:: WHAT THE EXERCISE ASKS ::
Beneath this instruction is a listing; print exactly the lines in it starting at the line that contains "Red and Black" and going through the line that contains "Summit White /".
◆ ◆ ◆
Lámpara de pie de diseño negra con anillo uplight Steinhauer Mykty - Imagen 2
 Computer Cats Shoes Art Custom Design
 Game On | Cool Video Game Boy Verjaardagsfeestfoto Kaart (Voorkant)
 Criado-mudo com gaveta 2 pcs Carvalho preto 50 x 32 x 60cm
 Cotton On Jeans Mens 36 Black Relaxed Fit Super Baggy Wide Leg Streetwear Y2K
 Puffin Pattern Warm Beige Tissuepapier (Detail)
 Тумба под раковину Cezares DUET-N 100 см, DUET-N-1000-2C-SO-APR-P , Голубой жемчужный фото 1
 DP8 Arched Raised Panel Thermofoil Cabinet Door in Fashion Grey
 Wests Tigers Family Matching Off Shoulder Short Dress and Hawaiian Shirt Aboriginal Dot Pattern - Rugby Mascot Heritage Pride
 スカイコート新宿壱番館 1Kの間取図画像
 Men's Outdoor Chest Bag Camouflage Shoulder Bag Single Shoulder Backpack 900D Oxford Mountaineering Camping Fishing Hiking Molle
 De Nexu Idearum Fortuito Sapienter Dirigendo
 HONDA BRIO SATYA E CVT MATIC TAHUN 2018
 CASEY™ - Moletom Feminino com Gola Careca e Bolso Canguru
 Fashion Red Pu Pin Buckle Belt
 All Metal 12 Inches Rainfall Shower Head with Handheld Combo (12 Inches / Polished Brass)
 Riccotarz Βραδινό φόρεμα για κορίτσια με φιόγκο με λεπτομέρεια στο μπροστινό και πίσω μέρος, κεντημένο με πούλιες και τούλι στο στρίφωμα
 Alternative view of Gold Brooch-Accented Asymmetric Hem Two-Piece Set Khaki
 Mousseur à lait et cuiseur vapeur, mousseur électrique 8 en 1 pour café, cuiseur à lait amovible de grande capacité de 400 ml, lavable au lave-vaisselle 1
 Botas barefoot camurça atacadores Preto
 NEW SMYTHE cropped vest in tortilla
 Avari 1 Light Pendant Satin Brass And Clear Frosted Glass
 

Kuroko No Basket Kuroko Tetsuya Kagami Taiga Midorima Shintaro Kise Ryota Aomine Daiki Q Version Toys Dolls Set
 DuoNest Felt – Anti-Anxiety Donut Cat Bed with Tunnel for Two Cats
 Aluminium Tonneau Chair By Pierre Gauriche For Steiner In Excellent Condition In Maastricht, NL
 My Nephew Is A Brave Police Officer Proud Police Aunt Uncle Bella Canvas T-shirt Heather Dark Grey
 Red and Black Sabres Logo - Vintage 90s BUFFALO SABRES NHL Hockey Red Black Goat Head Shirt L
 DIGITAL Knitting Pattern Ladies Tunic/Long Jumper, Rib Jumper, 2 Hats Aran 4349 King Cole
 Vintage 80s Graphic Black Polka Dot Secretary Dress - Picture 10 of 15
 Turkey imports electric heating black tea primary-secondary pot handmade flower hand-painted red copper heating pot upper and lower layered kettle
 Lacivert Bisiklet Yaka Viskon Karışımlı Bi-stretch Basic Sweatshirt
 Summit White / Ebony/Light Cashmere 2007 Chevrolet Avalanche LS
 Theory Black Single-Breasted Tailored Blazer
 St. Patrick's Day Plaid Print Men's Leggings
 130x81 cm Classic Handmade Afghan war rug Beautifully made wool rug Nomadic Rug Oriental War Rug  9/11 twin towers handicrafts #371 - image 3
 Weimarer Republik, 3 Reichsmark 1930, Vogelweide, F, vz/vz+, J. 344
◆ ◆ ◆
:: FINISHED EXERCISE ::
 Red and Black Sabres Logo - Vintage 90s BUFFALO SABRES NHL Hockey Red Black Goat Head Shirt L
 DIGITAL Knitting Pattern Ladies Tunic/Long Jumper, Rib Jumper, 2 Hats Aran 4349 King Cole
 Vintage 80s Graphic Black Polka Dot Secretary Dress - Picture 10 of 15
 Turkey imports electric heating black tea primary-secondary pot handmade flower hand-painted red copper heating pot upper and lower layered kettle
 Lacivert Bisiklet Yaka Viskon Karışımlı Bi-stretch Basic Sweatshirt
 Summit White / Ebony/Light Cashmere 2007 Chevrolet Avalanche LS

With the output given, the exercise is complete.